Comment 1 Erik Moeller 2012-11-13 11:05:30 UTC
The numbered headings slightly increase scannability of wrapped headlines.

Compare:

1 This is the long long Heading of
Doom that continues
2 This is another heading
3 This is another heading

with

This is the long long Heading of
Doom that continues
This is another heading
This is another heading

I tried browsing en.wp for a while with tocnumbering off but found that loss of scannability too annoying. YMMV and I have no strong view on what the default should be. However, it might be nice to adjust the layout to address this scannability issue. 

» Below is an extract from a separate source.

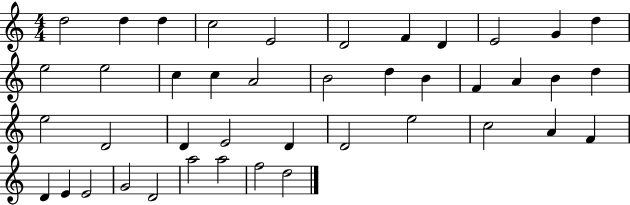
D5/h D5/q D5/q C5/h E4/h D4/h F4/q D4/q E4/h G4/q D5/q E5/h E5/h C5/q C5/q A4/h B4/h D5/q B4/q F4/q A4/q B4/q D5/q E5/h D4/h D4/q E4/h D4/q D4/h E5/h C5/h A4/q F4/q D4/q E4/q E4/h G4/h D4/h A5/h A5/h F5/h D5/h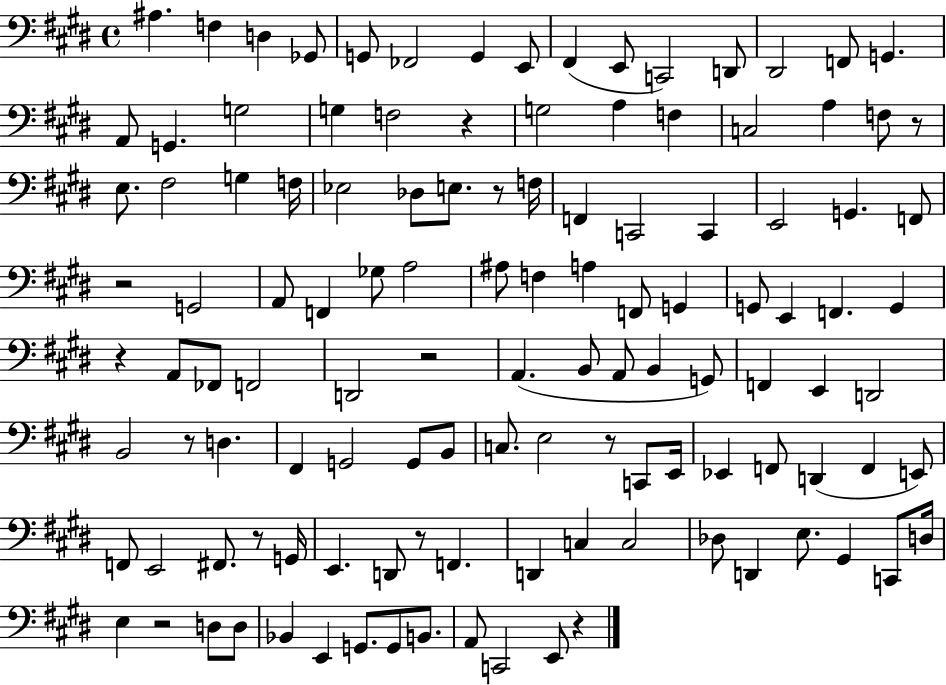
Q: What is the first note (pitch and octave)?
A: A#3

An alternative to disabling numbering altogether would be to disable it at a high nesting depth. If lots of folks like having the numbers, that might be a good compromise that doesn't require the addition of Yet Another Preference.
Comment 2 Ryan Kaldari 2012-11-13 20:47:36 UTC
I don't think I've ever seen a wrapped ToC header on Wikipedia. Even when loading Barrack Obama on my iPhone (980px wide viewport), which has headers like "University of Chicago Law School and civil rights attorney", the headers don't wrap, and in fact could be much longer. Even at 640px, the vast majority of articles don't show any ToC wrapping, but often have other layout problems.
Comment 3 Erik Moeller 2012-11-14 17:01:45 UTC
Created attachment 11358 [details]
TOC word wrap on https://en.wikipedia.org/wiki/Acra_(fortress)  (with numbering turned off)

I see it on lots of articles, but that appears to actually be a weird bug/behavioral difference in Chrome 22.

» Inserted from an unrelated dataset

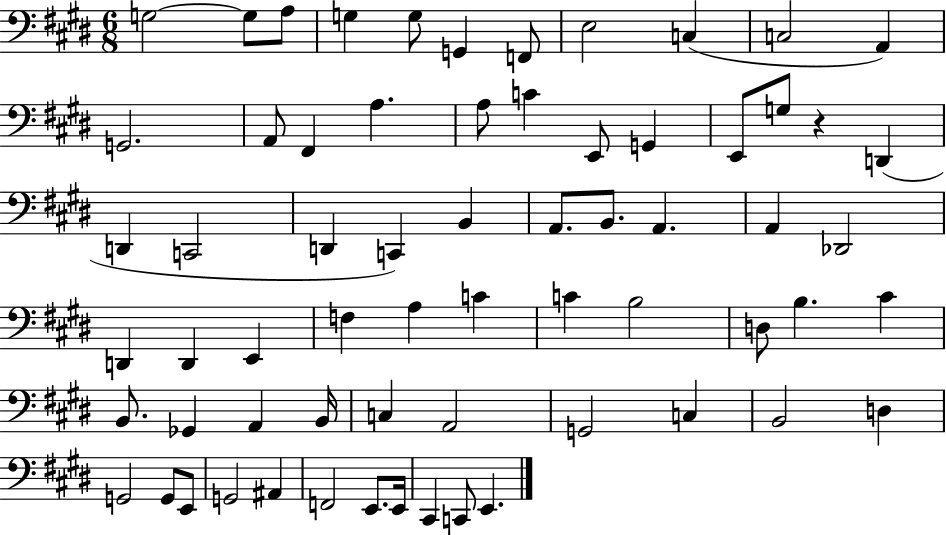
G3/h G3/e A3/e G3/q G3/e G2/q F2/e E3/h C3/q C3/h A2/q G2/h. A2/e F#2/q A3/q. A3/e C4/q E2/e G2/q E2/e G3/e R/q D2/q D2/q C2/h D2/q C2/q B2/q A2/e. B2/e. A2/q. A2/q Db2/h D2/q D2/q E2/q F3/q A3/q C4/q C4/q B3/h D3/e B3/q. C#4/q B2/e. Gb2/q A2/q B2/s C3/q A2/h G2/h C3/q B2/h D3/q G2/h G2/e E2/e G2/h A#2/q F2/h E2/e. E2/s C#2/q C2/e E2/q.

As an example, the attachment shows the word wrap on https://en.wikipedia.org/wiki/Acra_(fortress) (with numbering disabled; the wrap is identical with numbering enabled). It wraps well before it's necessary to do so. I've confirmed this behavior in logged out user sessions and in Chrome 22 on Windows as well (via CrossBrowserTesting.com).

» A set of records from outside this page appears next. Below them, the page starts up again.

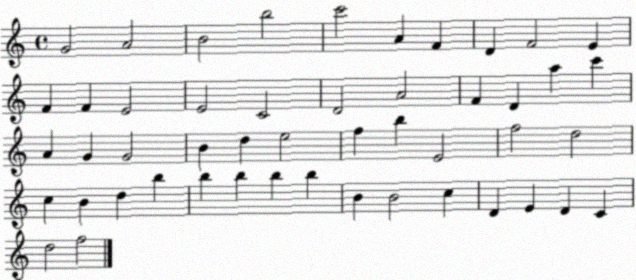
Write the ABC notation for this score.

X:1
T:Untitled
M:4/4
L:1/4
K:C
G2 A2 B2 b2 c'2 A F D F2 E F F E2 E2 C2 D2 A2 F D a c' A G G2 B d e2 f b E2 f2 d2 c B d b b b b b B B2 c D E D C d2 f2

Firefox 16 and Chrome 23 do not exhibit this behavior; haven't tested other browsers. If it's not widespread and perhaps even entirely specific to Chrome 22 it may be a non-issue.
Comment 4 Ryan Kaldari 2012-11-14 18:37:32 UTC
That's certainly strange. There's nothing in the ToC that should be causing it to wrap prematurely (no set widths). From the looks of the screen-shot, it seems to be a miscalculation in Chrome. A couple more pixels and it wouldn't have wrapped. I checked in Safari, which also uses WebKit, and it doesn't wrap either. Looks like it may be specific to that version of Chrome.